Kiedy w 84 minucie za Damiana Banachewicza wprowadzany był Kacper Królik, można było pomyśleć, że Ina chce bronić bezbramkowego remisu. Ale przydarzyła się okazja, którą trzeba było wykorzystać – rzut karny w 90 minucie. Dzięki bramce Łukasza Szymfelda, Ina przerwała passę 11 meczów bez porażki Hutnika Szczecin na własnym stadionie. Goleniowianie zostali nagrodzeni za walkę, determinację i bycie zespołem – w sobotę na boisku było głośno. Biało – zieloni żyli tym meczem, pomagali sobie wzajemnie i trzymali w ryzach. To dało finalnie efekt w postaci 3 punktów, tak bardzo potrzebnych w obecnej sytuacji.

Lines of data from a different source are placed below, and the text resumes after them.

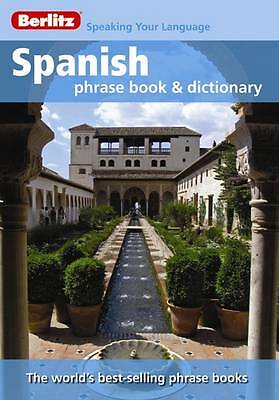APA Publications Limited : Berlitz: Spanish Phrase Book & Dictionar Great Value
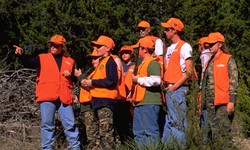 What Group is a Primary Supporter of Hunter Education?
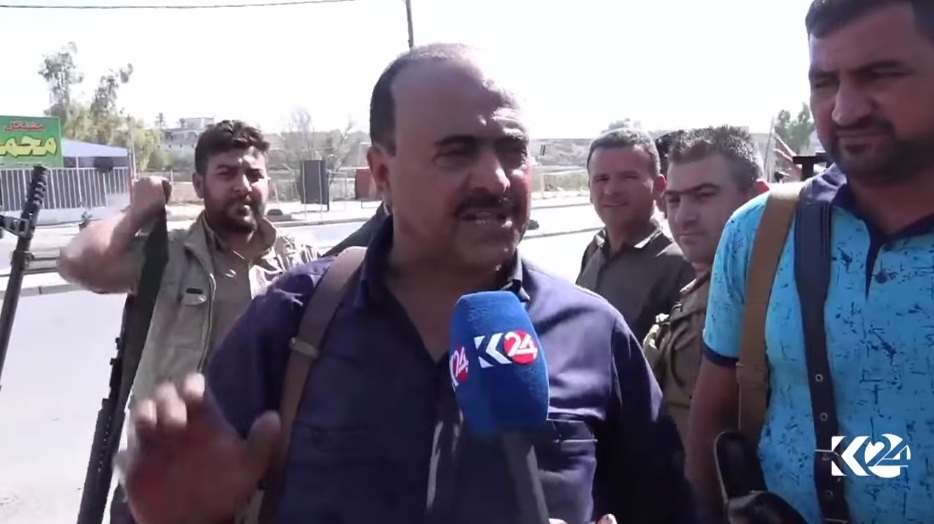 لقطات لكوردستان24 عن هجوم كركوك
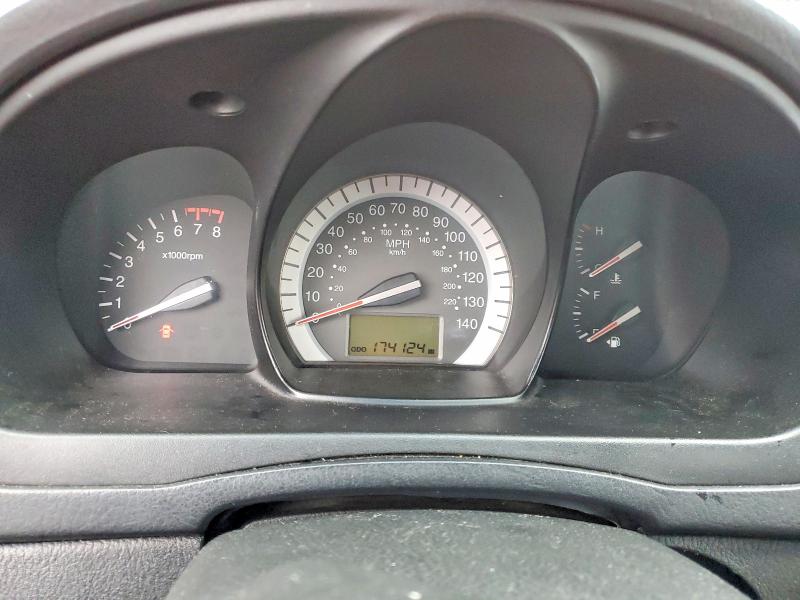 Photo 9 from auction – 2007 KIA SPECTRA5 S with VIN KNAFE162375005505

Przed meczem było wiadomo, że nie wystąpi Michał Jarząbek. Po przyjeździe na Stadion przy ul. Nehringa było wiadomo też, że w piłkę to raczej oba zespoły tego dnia nie będą miały okazji za dużo pograć – murawa była w fatalnym stanie. Nie wiadomo, co się stało z płytą boiska, ale ubytki trawy w połączeniu z wilgocią i błotem, skutecznie blokowały zapędy obu zespołów. Przez pierwsze 20 minut meczu goleniowianie dali się zepchnąć do, momentami, głębokiej defensywy. Co gorsza, na początku spotkania wróciły „demony” wcześniejszych tygodni – biało – zieloni kilka razy popełnili błędy w defensywie, tracąc piłkę na przedpolu lub wybijając ją zbyt krótko, co powodowało zamieszanie pod bramką Adriana Hengera. W 10 minucie po dobrym podaniu z głębi pola Daniel Kowalczyk stanął przed szansą, ale jego strzał odbił Adrian Henger. Później swoją szansę zmarnował, przy dużym udziale murawy, Dominik Grochowski. Dostał piłkę na 11 metrze, uderzył nieczysto, ale piłka minęła Adriana Hengera. Przed golem Inę uratował jednak Tomasz Borucki, wybijając piłkę sprzed linii bramkowej. Oprócz tych sytuacji, gospodarze jeszcze kilka razy zapędzali się w okolice pola karnego biało – zielonych, ale brakowało im wykończenia.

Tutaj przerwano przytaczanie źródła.